ISCA Archive Interspeech 2022
ISCA Archive Interspeech 2022

Lightweight Full-band and Sub-band Fusion Network for Real Time Speech Enhancement

Zhuangqi Chen, Pingjian Zhang

Recent studies in deep learning based real-time speech enhancement have proven the advantage of sub-band processing in parameter reduction. However, most sub-band based methods utilize the same model for all sub-bands, which limits the upper bound of performance, giving the fact that the spectral patterns in each sub-band are different. In this paper, we take into account this fact and propose a lightweight full-band and sub-band fusion network, where dual-branch based architecture is employed for modeling local and global spectral pattern simultaneously. A simple yet effective sub-band module, the weighted progressive convolutional module, is designed with a small number of parameters, which captures clean features progressively from local perspective.

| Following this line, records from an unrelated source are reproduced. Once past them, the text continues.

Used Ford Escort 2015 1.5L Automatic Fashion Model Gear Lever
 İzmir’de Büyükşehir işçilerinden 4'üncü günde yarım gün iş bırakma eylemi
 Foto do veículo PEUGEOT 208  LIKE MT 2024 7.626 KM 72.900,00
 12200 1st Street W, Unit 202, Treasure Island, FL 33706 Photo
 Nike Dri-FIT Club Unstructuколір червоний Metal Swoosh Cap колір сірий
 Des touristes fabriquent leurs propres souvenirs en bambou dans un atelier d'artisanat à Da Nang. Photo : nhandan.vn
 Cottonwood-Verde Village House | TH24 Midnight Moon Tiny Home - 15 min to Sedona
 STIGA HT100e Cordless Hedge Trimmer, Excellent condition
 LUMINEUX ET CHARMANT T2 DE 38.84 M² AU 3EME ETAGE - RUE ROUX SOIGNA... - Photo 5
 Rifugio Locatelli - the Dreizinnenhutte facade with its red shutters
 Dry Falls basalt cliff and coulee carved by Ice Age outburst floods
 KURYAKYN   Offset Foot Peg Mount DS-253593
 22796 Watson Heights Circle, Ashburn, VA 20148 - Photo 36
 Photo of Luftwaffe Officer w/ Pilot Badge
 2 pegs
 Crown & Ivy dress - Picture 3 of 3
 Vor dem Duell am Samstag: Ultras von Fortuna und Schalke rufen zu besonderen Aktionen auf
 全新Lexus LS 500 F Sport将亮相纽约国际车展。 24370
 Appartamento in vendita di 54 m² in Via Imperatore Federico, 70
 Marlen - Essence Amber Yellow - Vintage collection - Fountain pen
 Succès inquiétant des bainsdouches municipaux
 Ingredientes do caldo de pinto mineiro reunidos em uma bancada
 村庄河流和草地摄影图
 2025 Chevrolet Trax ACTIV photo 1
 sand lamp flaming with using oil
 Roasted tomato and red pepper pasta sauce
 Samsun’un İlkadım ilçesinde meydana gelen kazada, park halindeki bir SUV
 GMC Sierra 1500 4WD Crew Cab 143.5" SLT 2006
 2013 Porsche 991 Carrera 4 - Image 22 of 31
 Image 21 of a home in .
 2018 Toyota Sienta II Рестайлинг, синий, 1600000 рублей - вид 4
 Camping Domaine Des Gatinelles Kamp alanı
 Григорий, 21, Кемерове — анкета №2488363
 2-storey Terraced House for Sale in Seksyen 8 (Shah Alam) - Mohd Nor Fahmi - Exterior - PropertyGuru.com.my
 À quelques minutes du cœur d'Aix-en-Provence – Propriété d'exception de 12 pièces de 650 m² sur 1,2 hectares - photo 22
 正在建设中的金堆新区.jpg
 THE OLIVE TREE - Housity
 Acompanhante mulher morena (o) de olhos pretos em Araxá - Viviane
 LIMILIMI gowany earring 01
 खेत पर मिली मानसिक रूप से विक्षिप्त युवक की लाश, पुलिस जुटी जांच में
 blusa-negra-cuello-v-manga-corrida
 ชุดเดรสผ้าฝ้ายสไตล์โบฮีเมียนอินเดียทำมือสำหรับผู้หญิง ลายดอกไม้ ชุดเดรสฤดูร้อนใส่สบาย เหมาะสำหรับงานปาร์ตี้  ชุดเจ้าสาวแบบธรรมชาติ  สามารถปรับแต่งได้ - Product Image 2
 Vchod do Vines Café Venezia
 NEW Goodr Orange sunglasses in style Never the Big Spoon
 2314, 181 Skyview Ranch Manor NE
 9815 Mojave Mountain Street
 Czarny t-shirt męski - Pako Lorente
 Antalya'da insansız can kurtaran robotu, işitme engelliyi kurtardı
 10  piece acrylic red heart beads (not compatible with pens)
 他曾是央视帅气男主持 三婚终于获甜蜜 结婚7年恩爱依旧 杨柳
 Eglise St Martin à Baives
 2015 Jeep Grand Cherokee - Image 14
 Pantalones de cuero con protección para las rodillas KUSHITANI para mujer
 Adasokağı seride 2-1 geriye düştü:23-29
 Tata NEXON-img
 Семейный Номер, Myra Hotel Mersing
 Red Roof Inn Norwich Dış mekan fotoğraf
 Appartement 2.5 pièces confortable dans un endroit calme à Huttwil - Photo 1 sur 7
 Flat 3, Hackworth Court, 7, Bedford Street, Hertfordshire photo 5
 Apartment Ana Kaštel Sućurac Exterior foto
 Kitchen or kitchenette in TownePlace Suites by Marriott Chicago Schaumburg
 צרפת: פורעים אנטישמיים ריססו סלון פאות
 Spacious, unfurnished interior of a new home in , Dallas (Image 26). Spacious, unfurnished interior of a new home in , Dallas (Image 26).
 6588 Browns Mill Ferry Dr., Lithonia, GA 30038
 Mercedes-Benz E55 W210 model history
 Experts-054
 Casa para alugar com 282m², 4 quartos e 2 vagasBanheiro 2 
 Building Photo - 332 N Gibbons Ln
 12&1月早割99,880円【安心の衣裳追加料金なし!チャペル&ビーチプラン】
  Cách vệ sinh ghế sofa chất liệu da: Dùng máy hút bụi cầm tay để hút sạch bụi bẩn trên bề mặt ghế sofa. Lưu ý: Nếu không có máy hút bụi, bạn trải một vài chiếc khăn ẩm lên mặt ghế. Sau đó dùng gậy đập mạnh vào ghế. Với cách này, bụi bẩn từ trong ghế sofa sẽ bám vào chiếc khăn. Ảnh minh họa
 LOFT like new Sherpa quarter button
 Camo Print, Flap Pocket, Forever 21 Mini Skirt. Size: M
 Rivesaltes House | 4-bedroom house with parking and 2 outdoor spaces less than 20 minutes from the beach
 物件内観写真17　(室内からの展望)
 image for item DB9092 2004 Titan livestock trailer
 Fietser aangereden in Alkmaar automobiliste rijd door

Each sub-band is handled by one module. A novel asymmetric convolutional recurrent network is also proposed to focus on full-band context and extract more robust global features, which is complementary to the sub-band module. We have conducted extensive experiments on both the VoiceBank+Demand and the DNS Challenge datasets, and the experimental results show that our proposed method has achieved superior performance to other state-of-the-art approaches with smaller model size and lower latency.